I have a question about entity framework query building.
Schema
I have a table structure like this:
CREATE TABLE [dbo].[DataLogger](
[ID] [bigint] IDENTITY(1,1) NOT NULL,
[ProjectID] [bigint] NULL,
CONSTRAINT [PrimaryKey1] PRIMARY KEY CLUSTERED ( [ID] ASC )
)
CREATE TABLE [dbo].[DCDistributionBox](
[ID] [bigint] IDENTITY(1,1) NOT NULL,
[DataLoggerID] [bigint] NOT NULL,
CONSTRAINT [PrimaryKey2] PRIMARY KEY CLUSTERED ( [ID] ASC )
)
ALTER TABLE [dbo].[DCDistributionBox]
ADD CONSTRAINT [FK_DCDistributionBox_DataLogger] FOREIGN KEY([DataLoggerID])

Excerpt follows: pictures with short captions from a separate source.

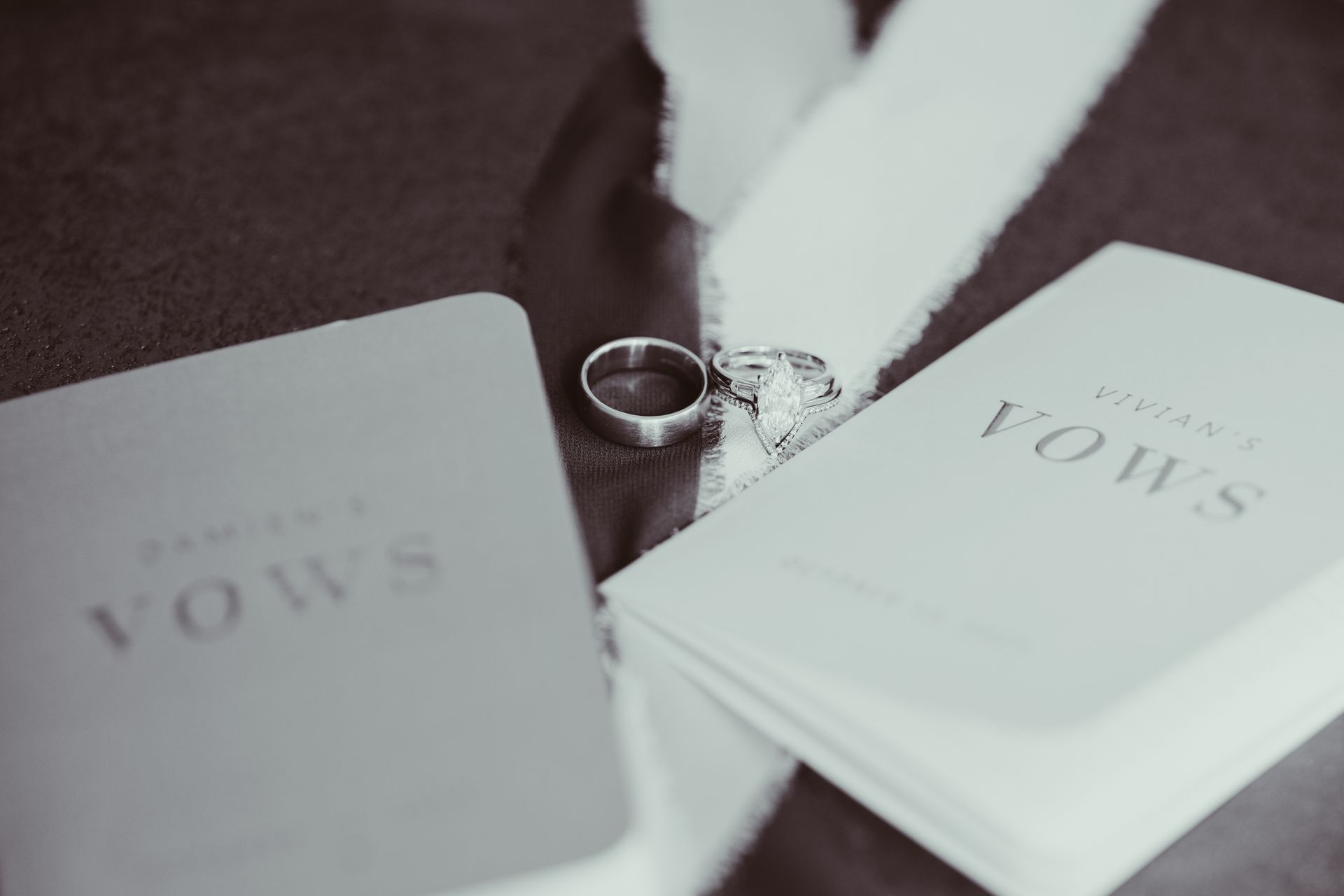 Wedding rings rest on fabric beside 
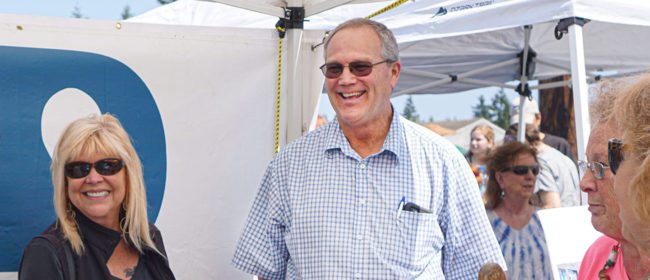General Manager Kevin Streett smiling and talking with customers at the pUD booth during an outdoor event.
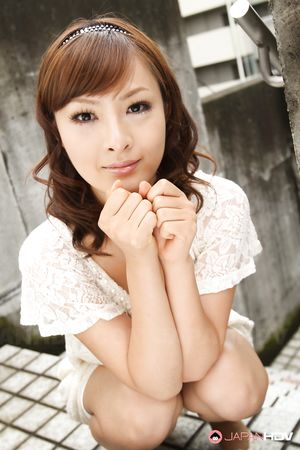 Adorable Japanese lady Fujii showing off her natural tits with pride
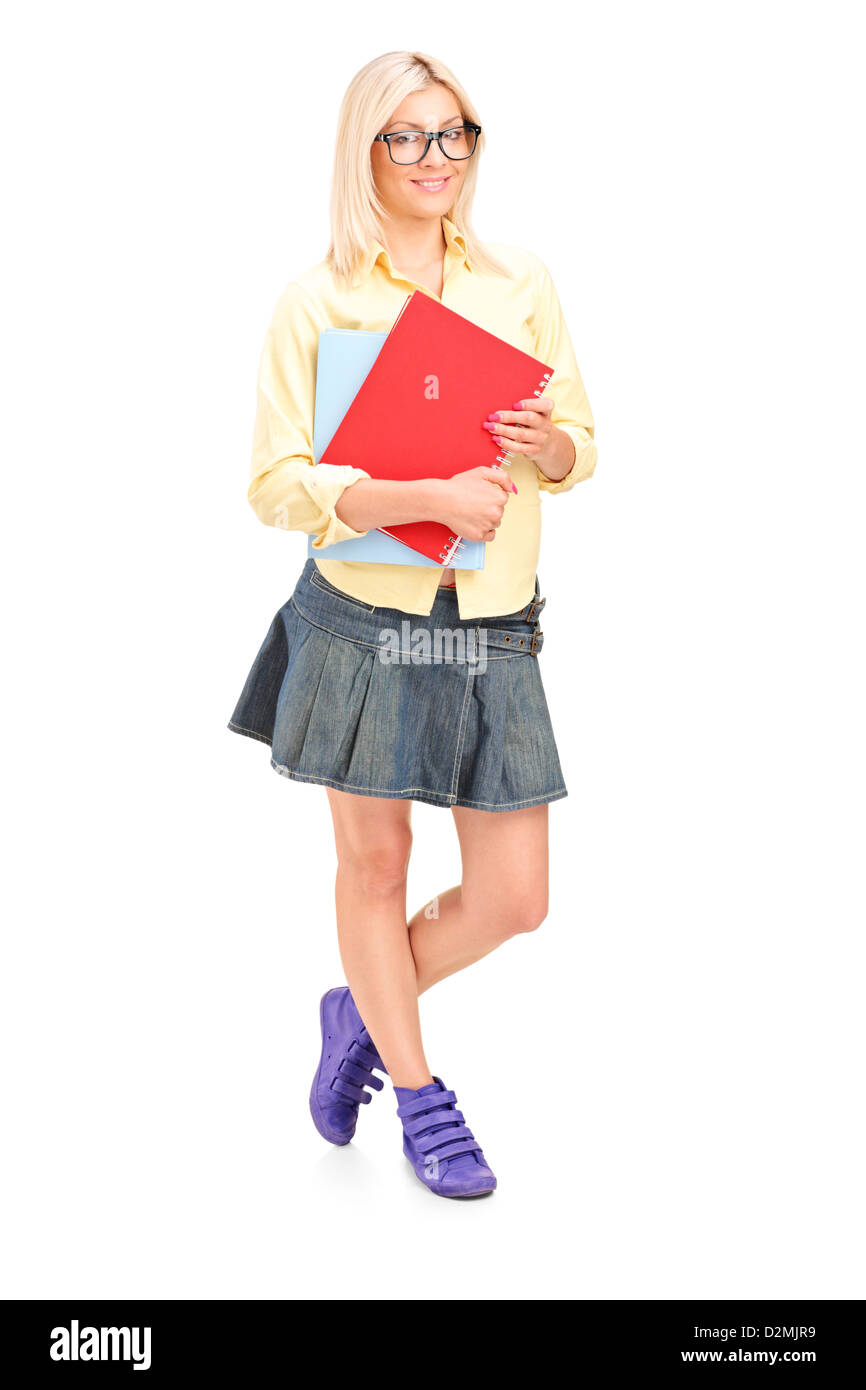 Full length portrait of a female student holding books isolated on ...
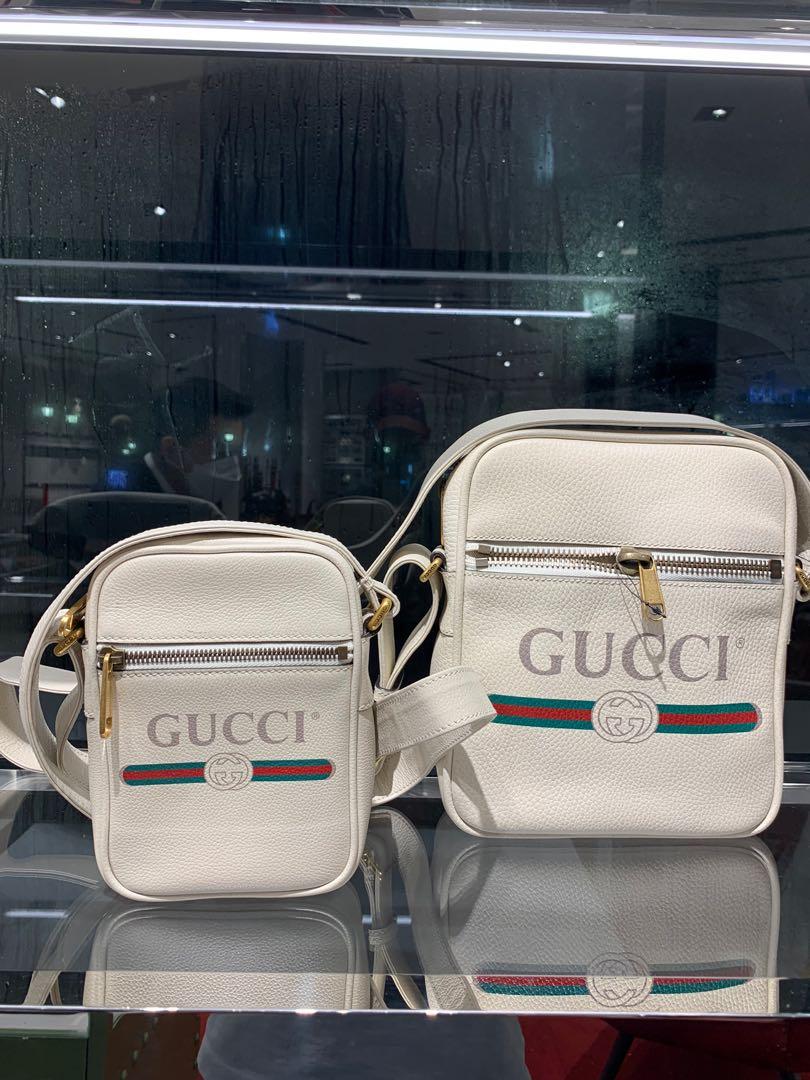 Authentic Gucci White Logo Print Leather Messenger Bag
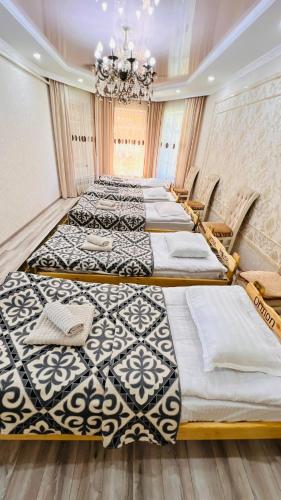 a row of beds in a room with a chandelier at Guest House Ormon in Ak-Muz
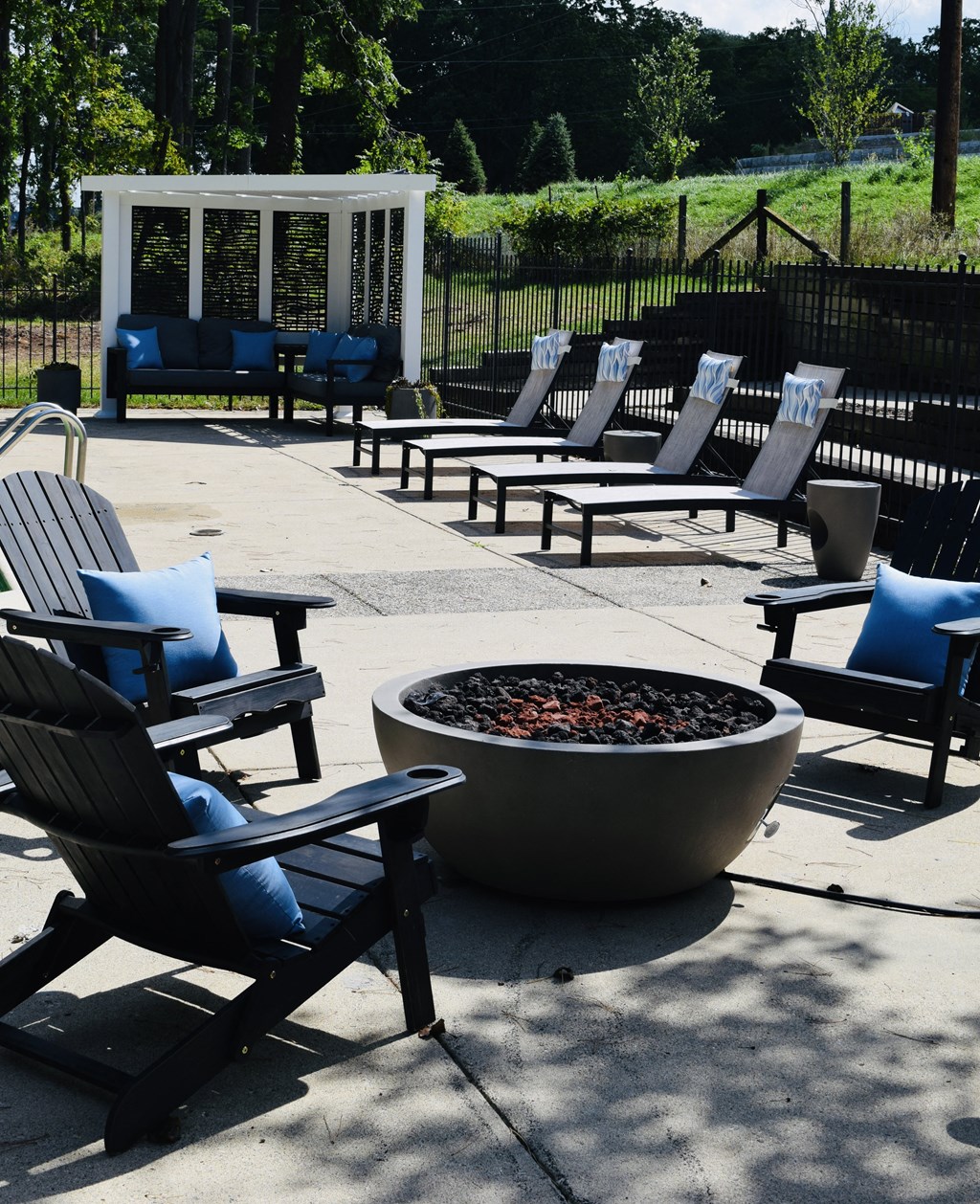 an outdoor seating area with chairs around a fire pit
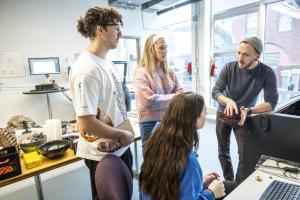 Four students huddle and talk in a small office.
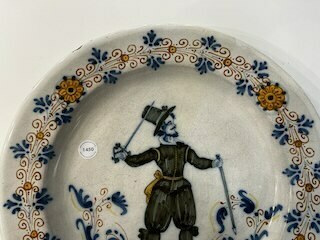 A polychrome Italian maiolica 'soldier' dish, workshop of Giacomo Mancini, Deruta, 1st half 17th C.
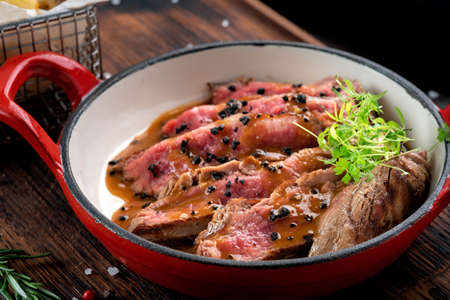 Sliced tenderloin medium rare steak with sauce on a plate, beef dish on a wooden Boardの写真素材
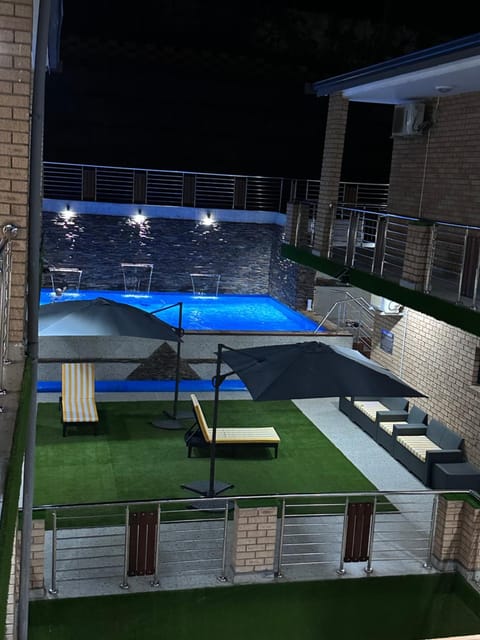 Night, Pool view, Swimming pool, sunbed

REFERENCES [dbo].[DataLogger] ([ID])
CREATE TABLE [dbo].[DCString] (
[ID] [bigint] IDENTITY(1,1) NOT NULL,
[DCDistributionBoxID] [bigint] NOT NULL,
[CurrentMPP] [decimal](18, 2) NULL,
CONSTRAINT [PrimaryKey3] PRIMARY KEY CLUSTERED ( [ID] ASC )
)
ALTER TABLE [dbo].[DCString]
ADD CONSTRAINT [FK_DCString_DCDistributionBox] FOREIGN KEY([DCDistributionBoxID])
REFERENCES [dbo].[DCDistributionBox] ([ID])
CREATE TABLE [dbo].[StringData](
[DCStringID] [bigint] NOT NULL,
[TimeStamp] [datetime] NOT NULL,
[DCCurrent] [decimal](18, 2) NULL,
CONSTRAINT [PrimaryKey4] PRIMARY KEY CLUSTERED ( [TimeStamp] DESC, [DCStringID] ASC)
)
The [StringData]
table as has following storage stats:
- Data space: 26,901.86 MB
- Row count: 131,827,749
- Partitioned: true
- Partition count: 62
Usage
I now want to group the data in the [StringData]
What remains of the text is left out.